Great feedback
A reader, June 29, 2011 - 11:00 am UTC
Partitioning is not a silver bullet that works in all situations. It will not suddenly make "select .,. from ..." go faster and in some cases can make it worse (factoring in how the indexes are used, the parse factor, etc). Let partitioning be a solution to a specific problem and not a solution to a problem that doesn't exist.
I ask this question more out curiosity.
steve, June 29, 2011 - 11:52 am UTC
Is there a performace issue with having LIST partition of 100 vs 1000 vs 50000 partitions, assuming all had local indexes and the partitioned field is not in the indexes?

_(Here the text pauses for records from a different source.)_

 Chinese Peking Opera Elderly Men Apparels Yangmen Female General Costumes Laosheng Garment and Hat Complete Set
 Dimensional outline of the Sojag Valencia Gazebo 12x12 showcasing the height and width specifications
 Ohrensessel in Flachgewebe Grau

I worry that the internal Oracle design on how to identify a single partition out of 50000 might not be internally indexed. Basically, I have always assumed that Oracle's partition design would favour low cardinality.
June 29, 2011 - 12:25 pm UTC
in current releases (10g and above) we only load into the dictionary cache the information we need to satisfy a query at hand. So, if you are using partition elimination (the list partitioned column is always referenced in the predicate) - you should see about the same amount of work done for a 100 partition table as a 50,000 partition table.

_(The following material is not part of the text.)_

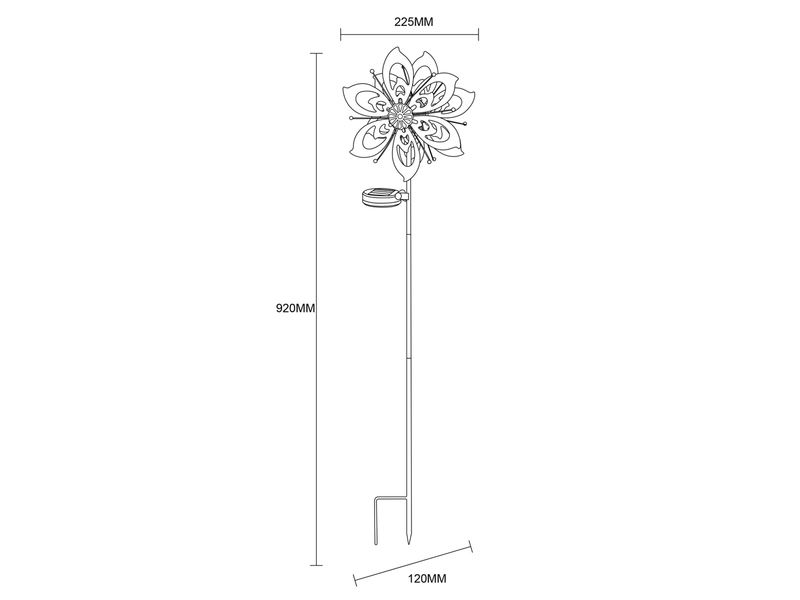 Solar Gartenstecker Windrad mit Erdspieß in Kupfer patiniert & Blau, Höhe 92cm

however, if you will be accessing 500 times as many partitions with 50,000 partitions as you would with 100 partitions - then all bets are off.

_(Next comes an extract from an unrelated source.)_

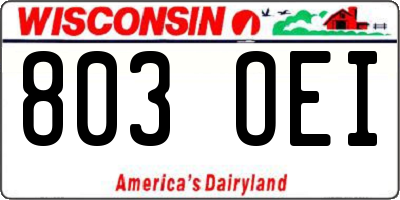WI license plate 803OEI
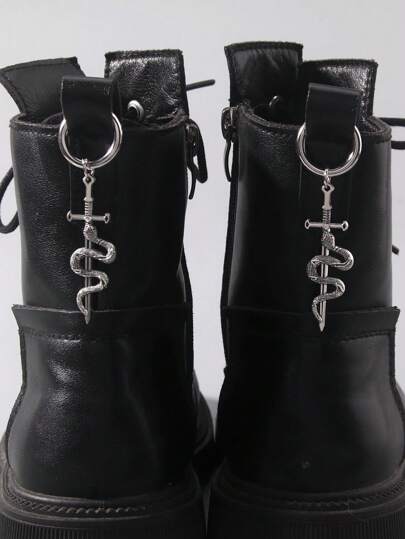 1 Pair Gothic Cross & Snake Pendant Decor, Suitable For Boots, Halloween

so, "it depends", best to benchmark your situation.
Date column seems most favourable candidate for partitioning
Sayeed Salahuddin, June 29, 2011 - 2:18 pm UTC
I think date column with couple of years of data is the easy candidate for partitioning an OLTP table, especially when it is certain that users would very often query last couple of months of data.
Partitioning the table is to divide and conquer. Breaking big table into small tables and then querying on those tables that contain relevent info, this way the info is returned much faster.
June 29, 2011 - 3:13 pm UTC
you are making lots of assumptions.
You need to have a reason to divide and conquer before deciding how to divide.
Take an employee table - what sense would there be by dividing by date?
You need to state WHY you want to partition, what your goal is - and then and only then can you come up with a reasonable approach.